L’abominable homme des douanes

Au fond de la piscine, on peut encore creuser…

Ce n’est pas toujours bien beau, les fins de carrière. Si Marc Allégret n’a jamais eu le talent de son frère Yves (celui-ci bien assisté par le scénariste Jacques Sigurd), il a tout de même réalisé quelques films intéressants et même notables ; en premier lieu Entrée des artistes avec un Louis Jouvet étincelant, mais aussi Félicie Nanteuil et surtout Blanche Fury ou même Aventure à Paris ou Gribouille. Et son acteur principal, dans L’abominable homme des douanes, c’est Darry Cowl à l’étrange destin. D’abord irrésistible acteur de complément (un peu comme Louis de Funès), il passe en quelques mois à un statut de vedette, tournant en premier plan une dizaine de films très oubliables mais qui rencontrent un succès réel au cœur de la France profonde.

Le vedettariat s’éteint aussi rapidement qu’il s’était allumé. Darry Cowl tournera encore, jusqu’à sa mort, en 2006, des dizaines de films mais n’y fera plus guère que des apparitions qui, d’ailleurs, raviront son public, heureux de reconnaître sa silhouette caractéristique, ses cheveux frisottés, son bafouillement irrésistible. L’abominable homme des douanes, en 1963, c’est le début de la fin du vedettariat, de l’acteur en première ligne, sur qui tout repose.
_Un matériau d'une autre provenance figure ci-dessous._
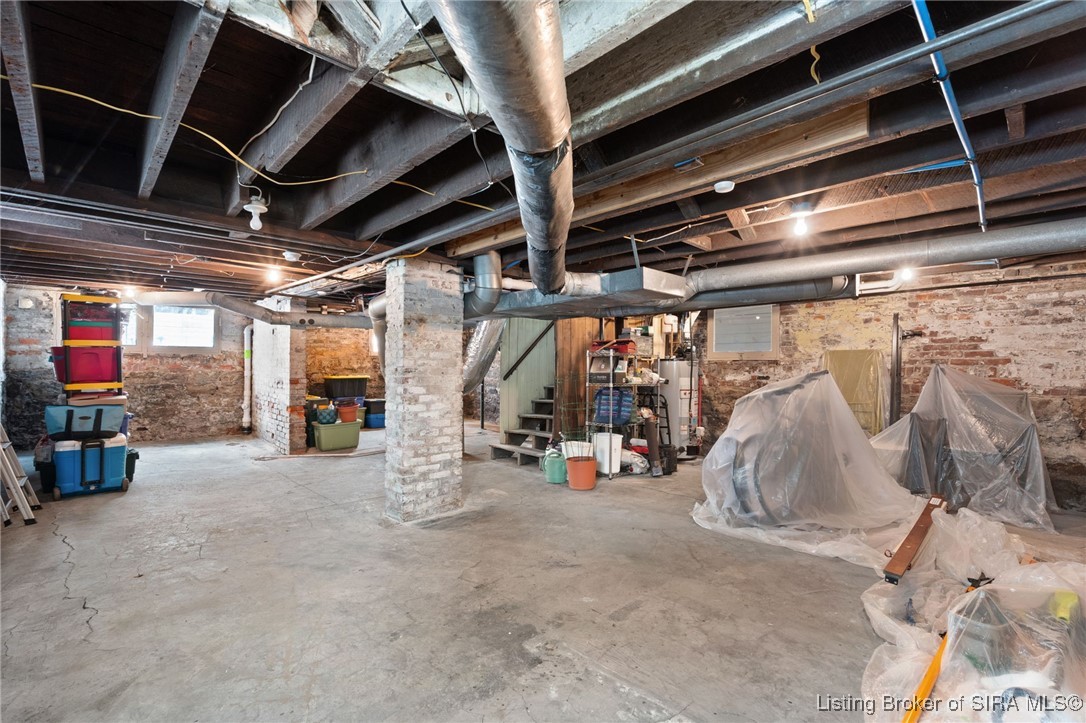 516 E 5th Street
Après cela, il n’y aura plus guère que Jaloux comme un tigre (qu’il a lui-même réalisé), pour le placer en tout premier plan.
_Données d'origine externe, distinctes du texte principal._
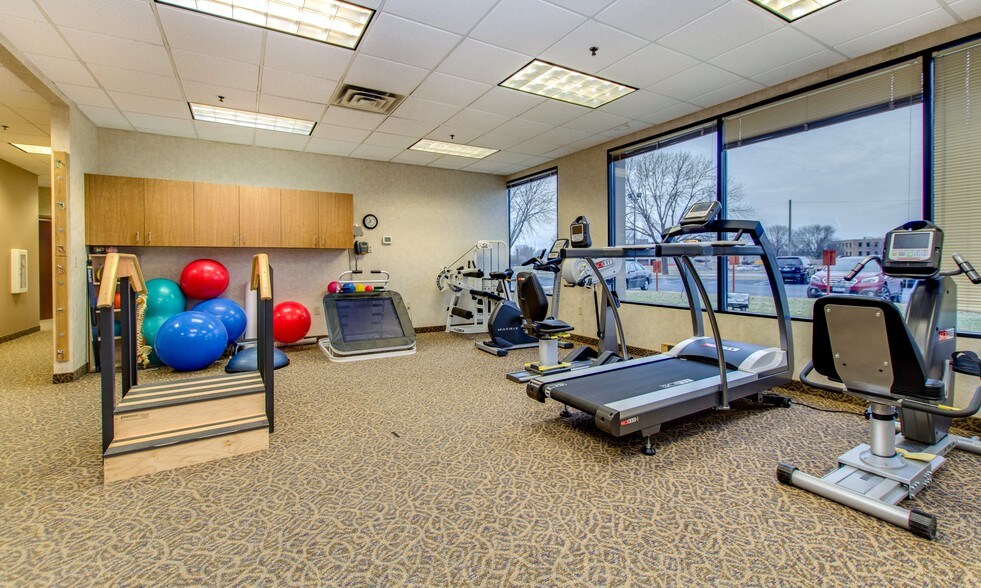 More Photos Of 7201-7245 University Ave NE, Fridley Medical For Lease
Et on ne peut pas dire que c’est une injustice. Après ce film affreux, d’ailleurs, Marc Allégret ne réalisera plus que des documentaires. L’abominable homme des douanes est tourné avec trois francs, six sous, avec des acteurs de quatrième plan ou des comédiens qui avaient de gros besoins d’argent et ne regardaient pas de trop près la qualité du scénario et la justesse des dialogues. Francis Blanche avait, paraît-il, de nombreuses pensions alimentaires à verser, Marcel Dalio tirait le diable par la queue. Mais Pierre Brasseur, tout de même, l’acteur de Quai des brumes, des Enfants du Paradis, des Portes de la nuit… Quelle pitié…
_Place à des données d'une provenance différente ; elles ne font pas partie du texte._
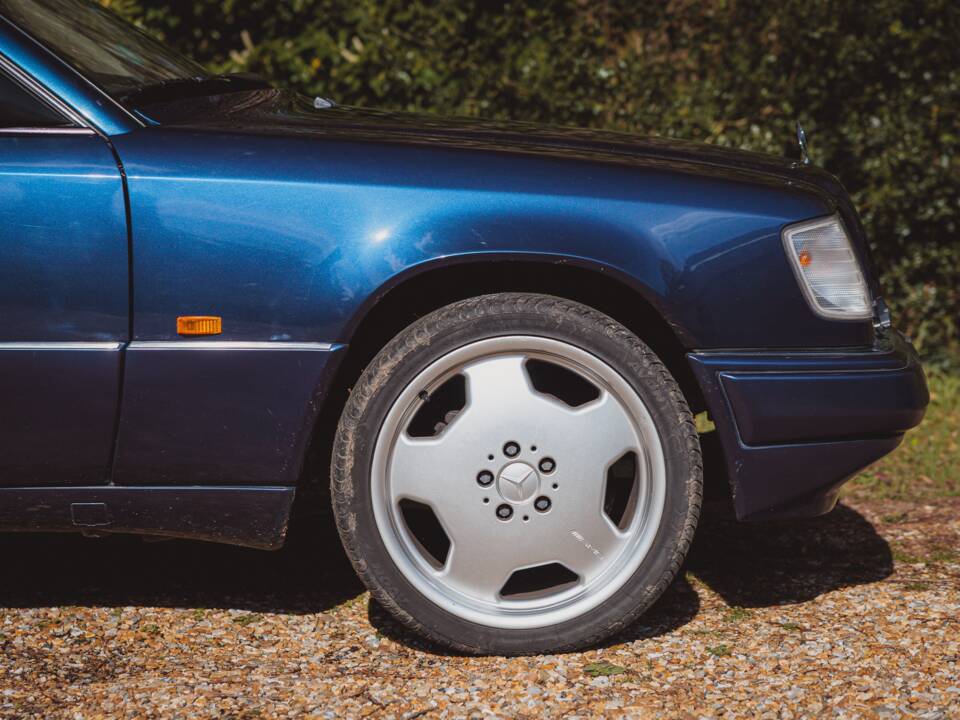 Imagen 39/41 de Mercedes-Benz E 220 (1995)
Car le film est d’une nullité angoissante. Deux bandes, l’une conduite par Arnakos (Blanche), l’autre par Grégor (Dalio) se disputent le marché de la drogue. Elles sont traquées par les Douanes, dirigées par Bretchiani (Nicolas Vogel), dont Camposantos (Darry Cowl) est modeste collaborateur et souffre-douleur. Par suite d’un hasard dont les films de cet acabit font leur miel, Camposantos est pris par Arnakos/Blanche pour le tueur muet appelé des États-Unis afin de triompher du rival Grégor. On devine la suite, d’autant que le douanier joue le jeu, séduit Gloria (Tania Béryl), la maîtresse d’Arnakos, et amène les malfrats à s’entretuer, tout en récupérant la cocaïne (ou l’héroïne, je ne sais plus et ça n’a aucune importance).

C’est vraiment bête comme chou, lambin, paresseux. Et surtout ridicule ; il y a une scène particulièrement pénible avec Pierre Brasseur, qui joue le tueur russe de la bande d’Arnakos, ancien officier de l’Armée blanche de Wrangel et je ne vois absolument rien à sauver dans cette désolation. Quelques rues de Paris où l’on pouvait encore rouler, l’atmosphère d’Orly avant l’aviation de masse. Ça ne suffit pas. Heureusement ça ne dure que 80 minutes.